◆ Task instructions:
Only the lines from the one containing "如果你闲的dan疼就来玩模型吧：BANDAI万代—强袭自由MG【素组】" through the end of the entries should be returned, exactly as they are, with the pictures omitted.

◆ Material supplied:
*** Block opens ***

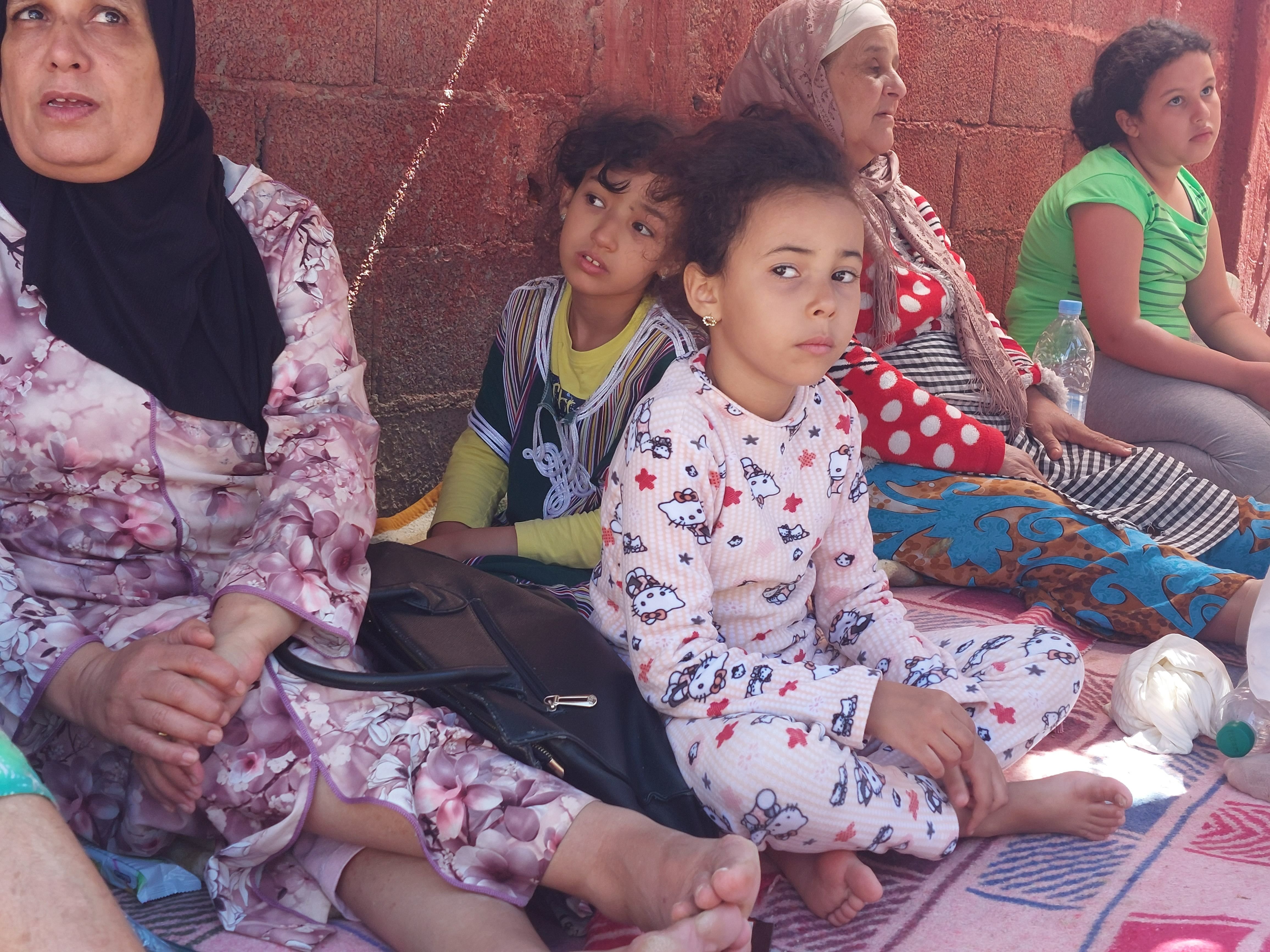 Assise sous une bâche dans la rue, de peur que les répliques ne détruisent les maisons de Moulay Brahim encore debout, Neda, 7 ans, attend que ses parents rentrent d'un village voisin, où sont morts deux grands-oncles et ses deux grands-mères. LP/Christel Brigaudeau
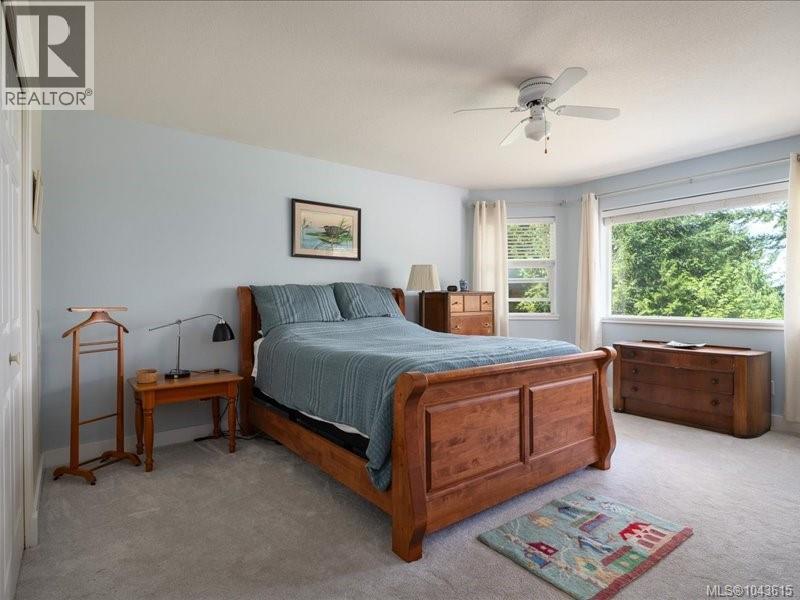 1881 Galvin Pl, Qualicum Beach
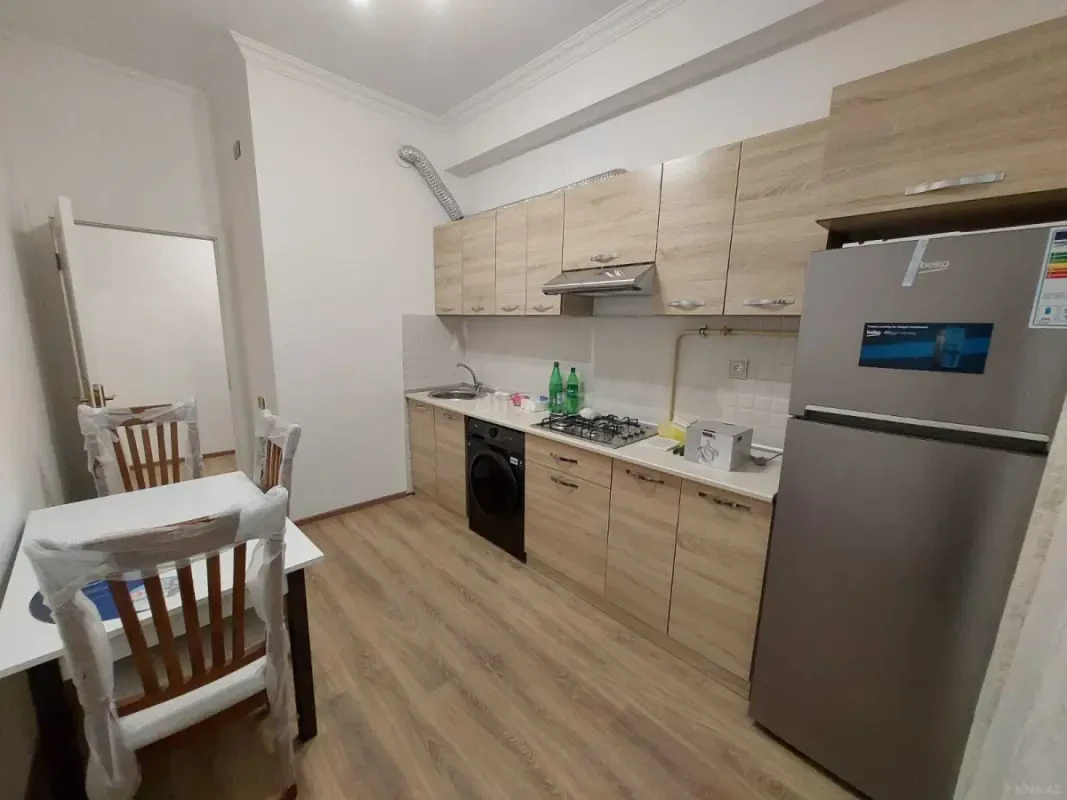 Kirayə verilir 2 otaqlı mənzil 66 m²
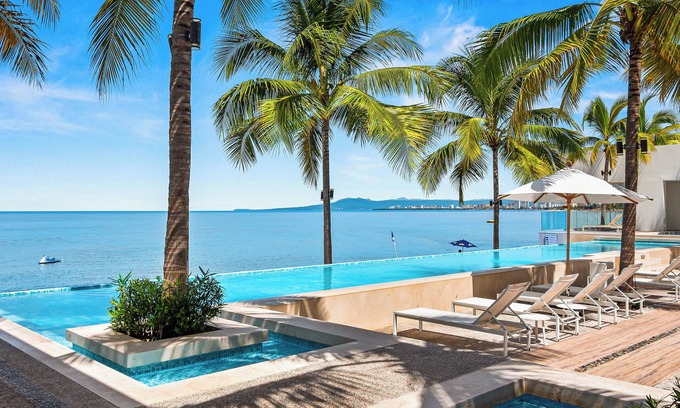 Las Glorias Apartment | Gorgeous 1BR with Pools & Sea Views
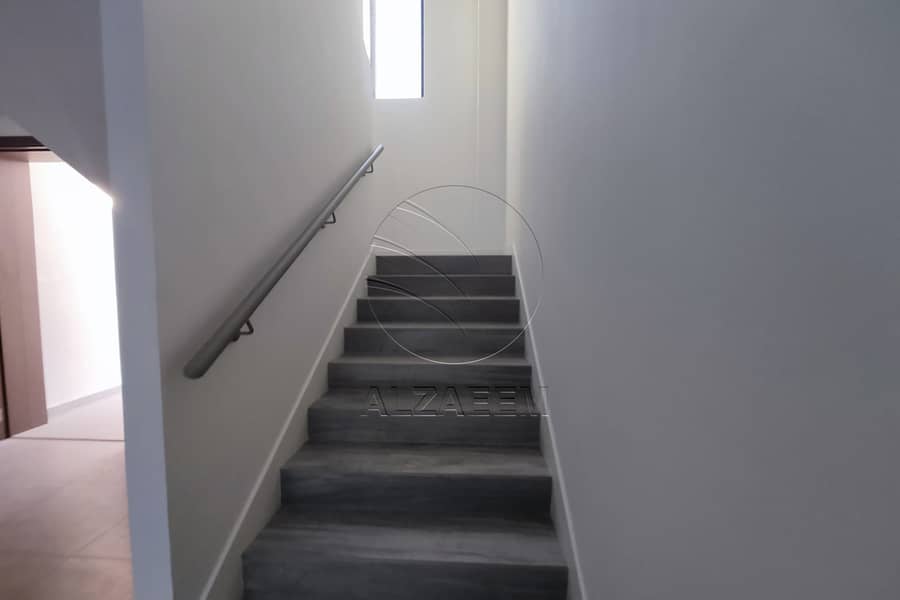 5 WhatsApp Image 2024-02-11 at 8.54. 09 PM (1). jpg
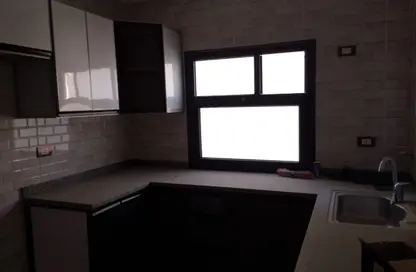 Apartment - 3 Bedrooms - 2 Bathrooms for sale in Mostashareen - North Investors Area - New Cairo City - Cairo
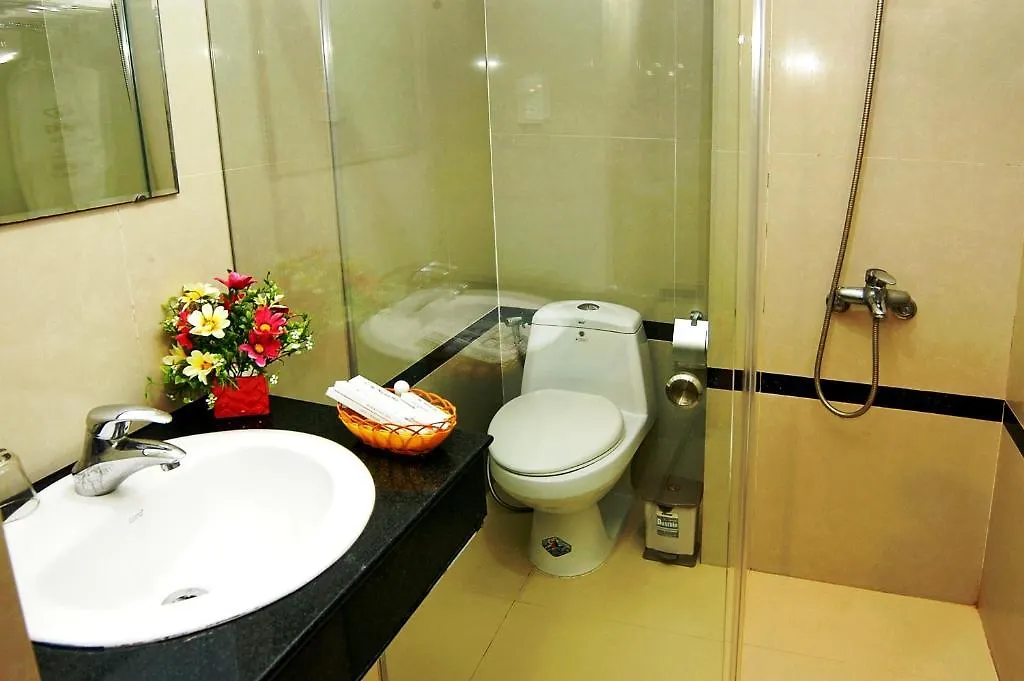 Galaxy Hotel - Ngan Ha Nha Trang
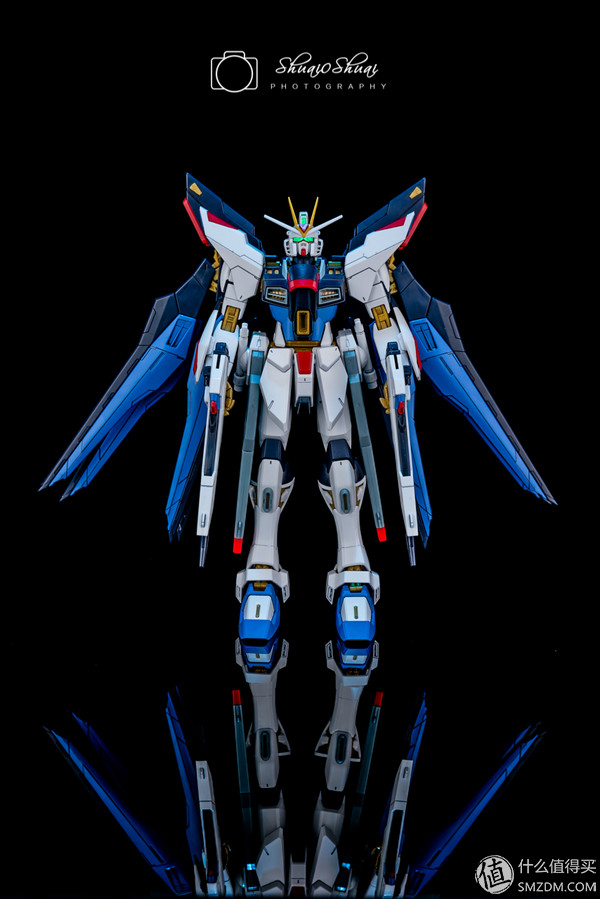 如果你闲的dan疼就来玩模型吧：BANDAI万代—强袭自由MG【素组】
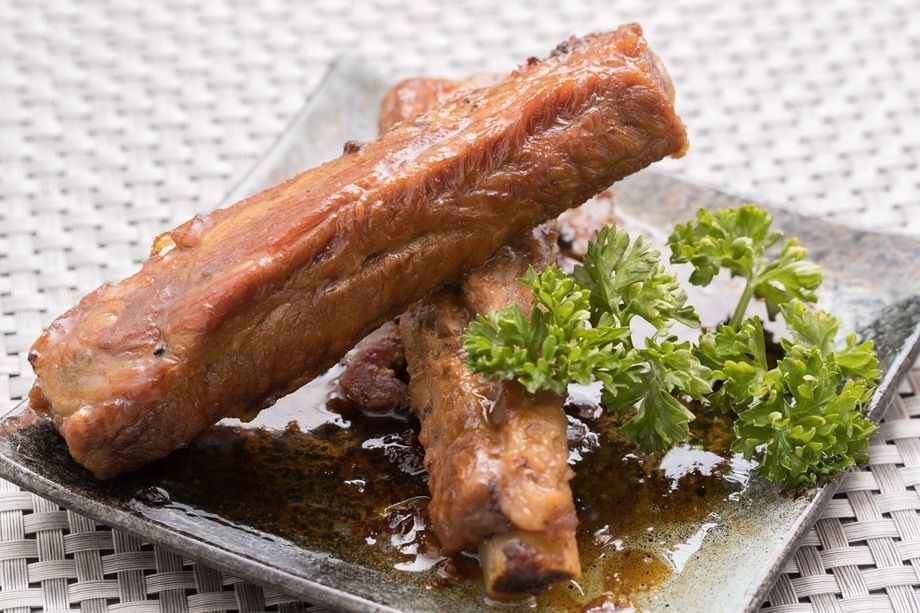 ★★スペアリブ 糖質量約2ｇ（890円）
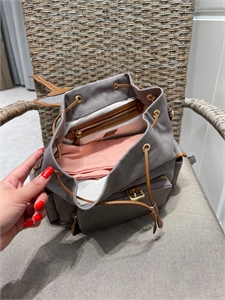 Рюкзак Miu miu 136792 - фото 245414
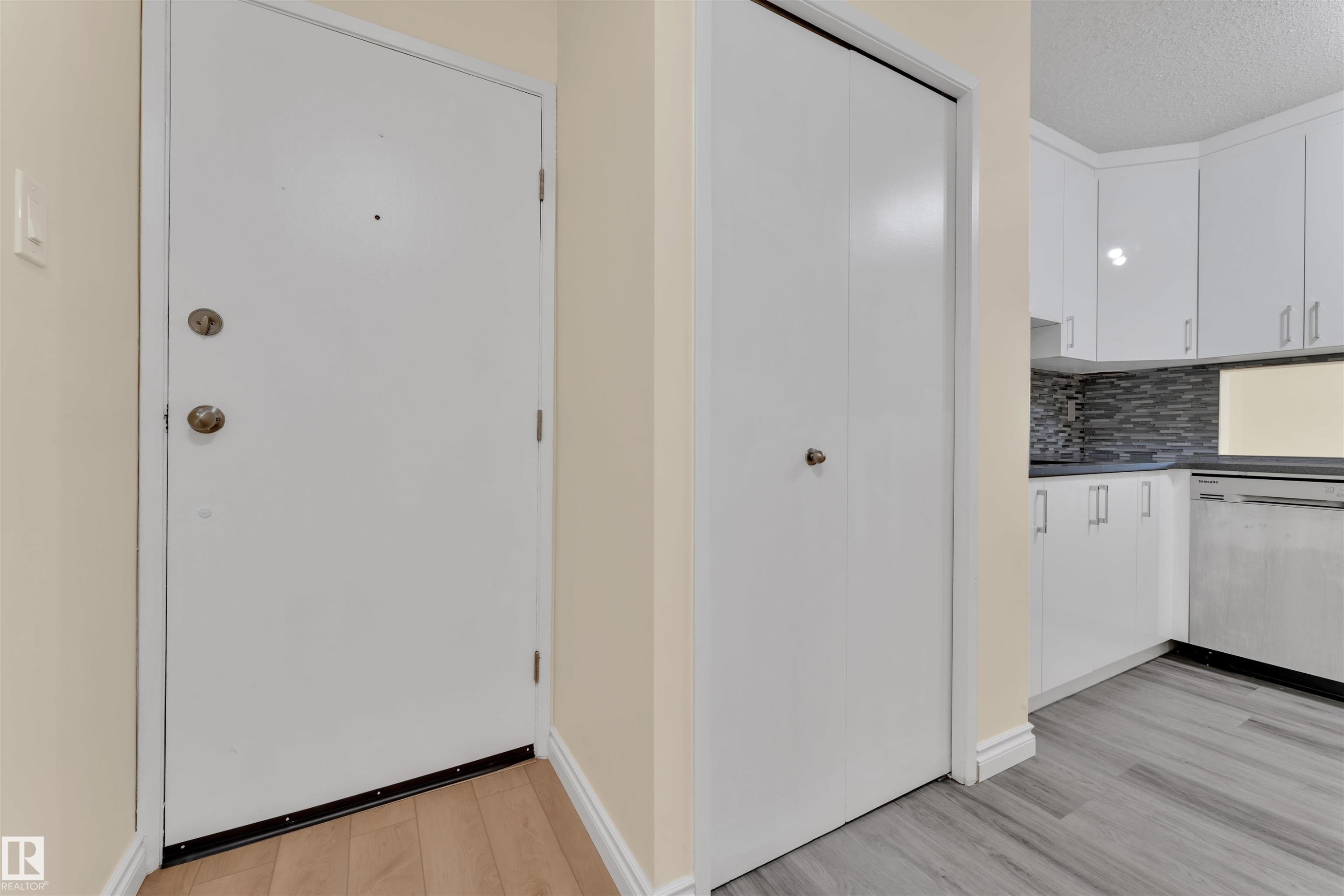 5 3855 76 Street, Edmonton, AB - Indoor Photo Showing Other Room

*** Block closes ***

◆ Task solution:
 如果你闲的dan疼就来玩模型吧：BANDAI万代—强袭自由MG【素组】
 ★★スペアリブ 糖質量約2ｇ（890円）
 Рюкзак Miu miu 136792 - фото 245414
 5 3855 76 Street, Edmonton, AB - Indoor Photo Showing Other Room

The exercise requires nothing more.